EXERCISE DESCRIPTION: Transcribe the entire listing exactly.
-------- RECORDS SUPPLIED --------
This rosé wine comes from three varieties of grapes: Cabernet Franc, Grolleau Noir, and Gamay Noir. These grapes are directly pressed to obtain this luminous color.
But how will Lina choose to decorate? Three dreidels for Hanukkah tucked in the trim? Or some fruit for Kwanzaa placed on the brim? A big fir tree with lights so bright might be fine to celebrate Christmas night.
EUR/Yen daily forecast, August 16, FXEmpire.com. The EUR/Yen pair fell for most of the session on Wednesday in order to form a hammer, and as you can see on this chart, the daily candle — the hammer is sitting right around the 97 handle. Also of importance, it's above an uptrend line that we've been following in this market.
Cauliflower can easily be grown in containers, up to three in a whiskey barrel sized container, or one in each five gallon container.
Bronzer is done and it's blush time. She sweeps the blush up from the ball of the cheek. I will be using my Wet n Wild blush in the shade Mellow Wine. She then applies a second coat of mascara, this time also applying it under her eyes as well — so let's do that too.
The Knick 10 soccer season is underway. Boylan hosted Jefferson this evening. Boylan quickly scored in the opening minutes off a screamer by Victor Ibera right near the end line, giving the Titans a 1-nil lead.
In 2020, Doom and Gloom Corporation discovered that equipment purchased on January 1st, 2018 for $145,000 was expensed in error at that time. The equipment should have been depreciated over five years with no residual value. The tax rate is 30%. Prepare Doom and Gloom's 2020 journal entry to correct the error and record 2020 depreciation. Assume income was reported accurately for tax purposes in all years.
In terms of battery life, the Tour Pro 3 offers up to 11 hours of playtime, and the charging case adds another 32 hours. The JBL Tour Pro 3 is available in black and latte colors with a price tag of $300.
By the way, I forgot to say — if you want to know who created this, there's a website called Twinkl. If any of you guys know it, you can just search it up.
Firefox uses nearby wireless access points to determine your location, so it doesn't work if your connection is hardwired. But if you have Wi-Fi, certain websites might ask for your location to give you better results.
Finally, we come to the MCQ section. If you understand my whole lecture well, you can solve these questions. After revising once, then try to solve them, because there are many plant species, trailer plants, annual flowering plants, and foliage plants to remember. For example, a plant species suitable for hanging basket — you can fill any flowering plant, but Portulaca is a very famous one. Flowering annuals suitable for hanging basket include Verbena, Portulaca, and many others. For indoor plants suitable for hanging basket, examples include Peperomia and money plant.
--------
EXERCISE RESPONSE:
This rosé wine comes from three varieties of grapes: Cabernet Franc, Grolleau Noir, and Gamay Noir. These grapes are directly pressed to obtain this luminous color.
But how will Lina choose to decorate? Three dreidels for Hanukkah tucked in the trim? Or some fruit for Kwanzaa placed on the brim? A big fir tree with lights so bright might be fine to celebrate Christmas night.
EUR/Yen daily forecast, August 16, FXEmpire.com. The EUR/Yen pair fell for most of the session on Wednesday in order to form a hammer, and as you can see on this chart, the daily candle — the hammer is sitting right around the 97 handle. Also of importance, it's above an uptrend line that we've been following in this market.
Cauliflower can easily be grown in containers, up to three in a whiskey barrel sized container, or one in each five gallon container.
Bronzer is done and it's blush time. She sweeps the blush up from the ball of the cheek. I will be using my Wet n Wild blush in the shade Mellow Wine. She then applies a second coat of mascara, this time also applying it under her eyes as well — so let's do that too.
The Knick 10 soccer season is underway. Boylan hosted Jefferson this evening. Boylan quickly scored in the opening minutes off a screamer by Victor Ibera right near the end line, giving the Titans a 1-nil lead.
In 2020, Doom and Gloom Corporation discovered that equipment purchased on January 1st, 2018 for $145,000 was expensed in error at that time. The equipment should have been depreciated over five years with no residual value. The tax rate is 30%. Prepare Doom and Gloom's 2020 journal entry to correct the error and record 2020 depreciation. Assume income was reported accurately for tax purposes in all years.
In terms of battery life, the Tour Pro 3 offers up to 11 hours of playtime, and the charging case adds another 32 hours. The JBL Tour Pro 3 is available in black and latte colors with a price tag of $300.
By the way, I forgot to say — if you want to know who created this, there's a website called Twinkl. If any of you guys know it, you can just search it up.
Firefox uses nearby wireless access points to determine your location, so it doesn't work if your connection is hardwired. But if you have Wi-Fi, certain websites might ask for your location to give you better results.
Finally, we come to the MCQ section. If you understand my whole lecture well, you can solve these questions. After revising once, then try to solve them, because there are many plant species, trailer plants, annual flowering plants, and foliage plants to remember. For example, a plant species suitable for hanging basket — you can fill any flowering plant, but Portulaca is a very famous one. Flowering annuals suitable for hanging basket include Verbena, Portulaca, and many others. For indoor plants suitable for hanging basket, examples include Peperomia and money plant.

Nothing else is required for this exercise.